Thursday, January 26, 2006


Here in Vancouvber, Canada our meeting ran over-time. No bomb-threats, no hysterical jihadis storming the citidel, no cause for law suits over spilt coffee. It could have been a disaster. In fact it nearly was a disaster: I went to the store where I buy my clothes, I asked the clerk for a blue scarf, and I got a blank stare in return. Normal enough, but they didn't have any blue scarves either. I am a Blue Revolutionary at this time, and nothing can stop me. I ran home, found an old jumper, and cut a swath through it till I could swear it looked just like the scarf I would have bought anyway. My only concern was the colour, whether it was blue, green or some other shade I can't quite distinguish. I sat with a girl I know, chatted her up till she mentioned that I had people looking at me across the room. Yes, we have made contact. Yes, we're going to do it again.
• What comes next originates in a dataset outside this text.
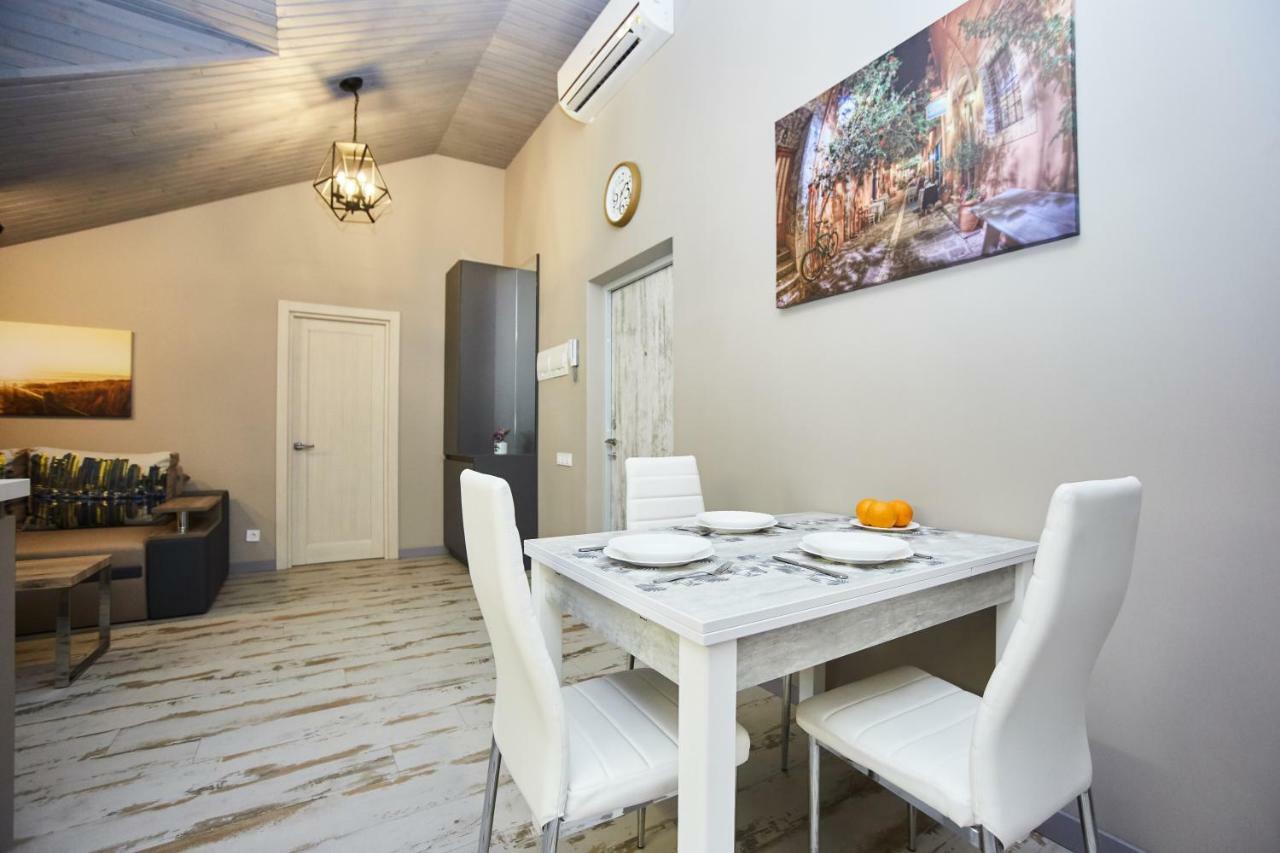 Luxury Apartment In The Heart Odessa Ngoại thất bức ảnh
There is no burning issue here in Vancouver, Canada, not something so immediate that all people are frantic for a solution or at least a crowd to shout to. And yet, there we were at the People's Temple, at McDonalds. We did not meet the numbers of our friends at the rally in Paris. Not yet. We did meet well into over-time, and we will meet again. We will grow and we will make a difference. Here are a couple of letters from others, and I'll update anything else that comes in as it comes.
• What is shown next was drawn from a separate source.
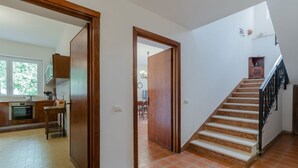 Interior - Into the Green! Val Di Vara Garden House x8 (Villagrossa)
At 8:27 PM, Jauhara said...

Sacre Bleu! Vive la révolution bleue...où puis-je joindre? Pardon my French, but this gives me hope! Go France!

At 9:32 PM, t-ham said...

I sat, for 2 hours, resplendent in my new blue scarf, in a McDonalds 35 miles from 9/11's Ground Zero, a place where, on that day, you could have climbed any of the hills that rise up here along the Hudson River and watched the Towers burn and crumble as I did, a place where everyone lost a family member or friend or knows someone who did.

No one came.

Other obligations? Insufficient notice? Lousy time of day? Apathy? Fear?

Maybe I counted too much on the blogs. Maybe I overestimated how many of us reading and commenting. Maybe we just seem like many. Maybe, 'round here, I am one of the Tiny Majority Who Have Hijacked the...what?

This will take some thinking. This is going to take some planning. They should have come. I am a stubborn son of a bitch, and now they have gone and pissed me off.
I'm not going away.

Here in Vancouver we found friends willing to make the effort. We'll do more. So will others. The French will carry on, and so will we. We can change the world doing this. Unlike our Muslim cousins, we can do good things.